I’ve noticed this myself and as a unrepentant lover of real books (the dead tree variety), it disappoints me greatly. I don’t like e-books at all and I refuse to read them if I can get a physical copy instead. I used to keep up membership in my local university library so I could have access to specialist books for my research, however I’ve found that most of the new books they’ve acquired are e-books only and many of their existing physical books have been moved off-site to the warehouse due to lack of being checked out any time recently. I’ve found it way easier to just buy the books I want for my research, though it’s a lot more expensive than library membership. My book-buying now runs into the thousands of dollars per annum. I guess that’s the price of “progress.” I wonder how long it will take before I have more books than the bloody library!

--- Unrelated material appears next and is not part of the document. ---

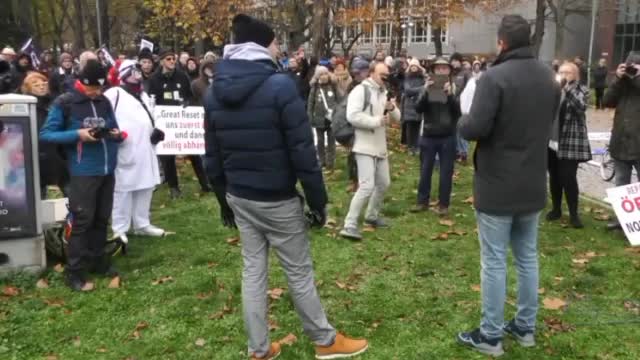 German farmers protest against govt policies & energy prices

Do you have a Carnegie library in your area? Is there a system where you can order books from another branch, at least?
I guess I’m lucky – the Carnegie Library of Pittsburgh SERIOUSLY kicks ass. They still have tons of dead trees, get new ones all the time (and I’ll NEVER give mine up!) as well as e-books.

If you don’t want to buy an e-book reader, you CAN download the software onto your computer – I did that, for books that are only available as e-books.

Modern libraries highlight something interesting beyond themselves: How do you reinvent yourself to be the same but different? You realize that circumstances have changed and so should you but you still want some link to your “essence” for lack of a better term. Movie sequels, businesses in industries undergoing disruptive technological change and workers face that problem.

So, both generally and specifically for libraries, how do you determine what you’re really about and what that implies in a changing world?